EXCERPTED RECORDS -

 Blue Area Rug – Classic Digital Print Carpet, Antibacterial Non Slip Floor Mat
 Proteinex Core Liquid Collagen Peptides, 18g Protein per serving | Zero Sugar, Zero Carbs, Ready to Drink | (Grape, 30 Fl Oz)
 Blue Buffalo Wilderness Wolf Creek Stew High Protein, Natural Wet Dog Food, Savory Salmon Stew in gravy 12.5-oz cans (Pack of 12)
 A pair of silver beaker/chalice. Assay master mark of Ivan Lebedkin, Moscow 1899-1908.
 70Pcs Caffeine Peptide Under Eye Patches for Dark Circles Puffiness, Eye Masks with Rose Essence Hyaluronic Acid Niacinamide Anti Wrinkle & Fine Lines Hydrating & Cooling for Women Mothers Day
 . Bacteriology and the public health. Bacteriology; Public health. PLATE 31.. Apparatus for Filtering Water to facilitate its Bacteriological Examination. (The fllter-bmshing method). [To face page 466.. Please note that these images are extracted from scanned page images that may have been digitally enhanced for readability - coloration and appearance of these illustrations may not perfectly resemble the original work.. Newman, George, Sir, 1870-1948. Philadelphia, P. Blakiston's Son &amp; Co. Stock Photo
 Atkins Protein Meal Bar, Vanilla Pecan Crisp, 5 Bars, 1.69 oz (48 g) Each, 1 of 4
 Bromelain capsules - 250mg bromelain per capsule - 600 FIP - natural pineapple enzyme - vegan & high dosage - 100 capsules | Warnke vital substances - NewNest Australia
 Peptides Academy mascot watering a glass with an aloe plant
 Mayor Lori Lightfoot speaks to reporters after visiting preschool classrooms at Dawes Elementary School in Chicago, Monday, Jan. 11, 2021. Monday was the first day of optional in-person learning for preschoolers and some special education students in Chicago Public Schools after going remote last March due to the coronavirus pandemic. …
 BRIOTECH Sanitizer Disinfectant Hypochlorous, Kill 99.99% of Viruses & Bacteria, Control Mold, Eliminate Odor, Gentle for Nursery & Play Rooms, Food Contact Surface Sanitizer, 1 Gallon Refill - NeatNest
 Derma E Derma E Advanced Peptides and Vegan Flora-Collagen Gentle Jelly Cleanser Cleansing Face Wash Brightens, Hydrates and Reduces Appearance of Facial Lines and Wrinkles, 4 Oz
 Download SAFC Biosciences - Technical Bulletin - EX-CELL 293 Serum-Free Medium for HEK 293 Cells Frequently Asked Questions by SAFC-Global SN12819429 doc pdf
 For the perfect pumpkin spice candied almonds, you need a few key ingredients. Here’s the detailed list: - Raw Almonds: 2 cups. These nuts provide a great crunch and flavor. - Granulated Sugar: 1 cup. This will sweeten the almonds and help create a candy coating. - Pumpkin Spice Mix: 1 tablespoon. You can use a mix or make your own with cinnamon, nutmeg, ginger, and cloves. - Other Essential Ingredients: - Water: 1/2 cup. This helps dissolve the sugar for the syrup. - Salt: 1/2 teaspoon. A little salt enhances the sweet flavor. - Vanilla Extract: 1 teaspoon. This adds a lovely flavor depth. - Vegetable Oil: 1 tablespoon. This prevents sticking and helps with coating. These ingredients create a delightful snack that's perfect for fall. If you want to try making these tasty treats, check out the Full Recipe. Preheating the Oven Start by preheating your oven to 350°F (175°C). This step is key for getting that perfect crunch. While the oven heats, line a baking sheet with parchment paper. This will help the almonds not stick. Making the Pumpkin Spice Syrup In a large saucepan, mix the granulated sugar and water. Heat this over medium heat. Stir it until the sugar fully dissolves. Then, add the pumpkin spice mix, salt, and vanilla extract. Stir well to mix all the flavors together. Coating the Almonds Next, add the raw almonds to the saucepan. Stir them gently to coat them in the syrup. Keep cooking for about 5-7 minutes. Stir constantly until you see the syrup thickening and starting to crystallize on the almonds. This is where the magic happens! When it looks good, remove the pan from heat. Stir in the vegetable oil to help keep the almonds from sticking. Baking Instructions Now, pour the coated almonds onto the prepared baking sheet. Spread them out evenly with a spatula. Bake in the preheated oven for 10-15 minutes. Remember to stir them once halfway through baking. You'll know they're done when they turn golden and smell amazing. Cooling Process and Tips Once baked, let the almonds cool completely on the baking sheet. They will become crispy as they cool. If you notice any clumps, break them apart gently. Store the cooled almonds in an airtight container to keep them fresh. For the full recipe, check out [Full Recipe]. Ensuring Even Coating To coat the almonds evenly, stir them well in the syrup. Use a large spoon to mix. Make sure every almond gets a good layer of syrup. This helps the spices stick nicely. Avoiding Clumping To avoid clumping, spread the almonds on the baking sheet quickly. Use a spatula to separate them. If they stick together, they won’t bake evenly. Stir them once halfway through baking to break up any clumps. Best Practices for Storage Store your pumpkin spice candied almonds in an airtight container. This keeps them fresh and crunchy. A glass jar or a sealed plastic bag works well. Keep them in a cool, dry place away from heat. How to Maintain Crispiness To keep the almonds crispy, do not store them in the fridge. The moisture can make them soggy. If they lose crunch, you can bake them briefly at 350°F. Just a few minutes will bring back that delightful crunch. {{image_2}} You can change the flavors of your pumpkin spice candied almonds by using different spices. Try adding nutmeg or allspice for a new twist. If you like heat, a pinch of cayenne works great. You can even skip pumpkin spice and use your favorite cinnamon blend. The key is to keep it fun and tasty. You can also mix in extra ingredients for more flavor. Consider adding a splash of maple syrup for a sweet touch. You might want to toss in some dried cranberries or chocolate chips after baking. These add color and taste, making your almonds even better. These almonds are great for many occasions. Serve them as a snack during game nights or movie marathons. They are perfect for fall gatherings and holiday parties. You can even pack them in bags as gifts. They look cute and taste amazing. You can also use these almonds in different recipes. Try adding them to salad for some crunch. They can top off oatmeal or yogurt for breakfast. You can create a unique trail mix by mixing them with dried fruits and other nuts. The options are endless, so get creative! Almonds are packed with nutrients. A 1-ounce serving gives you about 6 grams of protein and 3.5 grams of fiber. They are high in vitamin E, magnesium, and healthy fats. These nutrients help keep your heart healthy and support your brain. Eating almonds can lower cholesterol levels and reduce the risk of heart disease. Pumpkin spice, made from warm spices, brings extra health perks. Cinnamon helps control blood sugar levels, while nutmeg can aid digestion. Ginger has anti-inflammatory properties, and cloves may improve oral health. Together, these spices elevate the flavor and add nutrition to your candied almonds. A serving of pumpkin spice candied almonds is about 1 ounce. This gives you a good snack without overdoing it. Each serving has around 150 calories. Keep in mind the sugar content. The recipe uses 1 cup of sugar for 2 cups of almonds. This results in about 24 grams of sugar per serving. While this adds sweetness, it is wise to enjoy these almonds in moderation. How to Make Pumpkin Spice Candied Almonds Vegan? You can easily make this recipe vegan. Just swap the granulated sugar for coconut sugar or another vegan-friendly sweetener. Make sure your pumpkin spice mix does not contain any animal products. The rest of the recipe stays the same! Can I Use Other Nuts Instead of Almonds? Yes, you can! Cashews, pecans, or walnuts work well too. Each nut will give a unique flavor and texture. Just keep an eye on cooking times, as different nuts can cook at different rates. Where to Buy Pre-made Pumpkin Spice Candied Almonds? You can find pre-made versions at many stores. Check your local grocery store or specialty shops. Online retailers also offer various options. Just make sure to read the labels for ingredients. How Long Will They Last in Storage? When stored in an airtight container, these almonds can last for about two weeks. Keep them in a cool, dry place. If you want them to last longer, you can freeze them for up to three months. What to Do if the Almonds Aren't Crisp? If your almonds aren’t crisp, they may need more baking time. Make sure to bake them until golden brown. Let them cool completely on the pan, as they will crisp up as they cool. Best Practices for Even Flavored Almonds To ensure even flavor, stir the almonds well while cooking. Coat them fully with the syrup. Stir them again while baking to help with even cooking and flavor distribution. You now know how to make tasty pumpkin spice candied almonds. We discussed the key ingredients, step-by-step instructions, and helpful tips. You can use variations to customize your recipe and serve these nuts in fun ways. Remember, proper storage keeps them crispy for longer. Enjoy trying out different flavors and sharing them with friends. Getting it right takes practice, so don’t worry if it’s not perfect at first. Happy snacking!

TASK DESCRIPTION - The job here is to find each line above with the word "Gentle" and copy it.

RESPONSE FOR THIS EXERCISE -
 BRIOTECH Sanitizer Disinfectant Hypochlorous, Kill 99.99% of Viruses & Bacteria, Control Mold, Eliminate Odor, Gentle for Nursery & Play Rooms, Food Contact Surface Sanitizer, 1 Gallon Refill - NeatNest
 Derma E Derma E Advanced Peptides and Vegan Flora-Collagen Gentle Jelly Cleanser Cleansing Face Wash Brightens, Hydrates and Reduces Appearance of Facial Lines and Wrinkles, 4 Oz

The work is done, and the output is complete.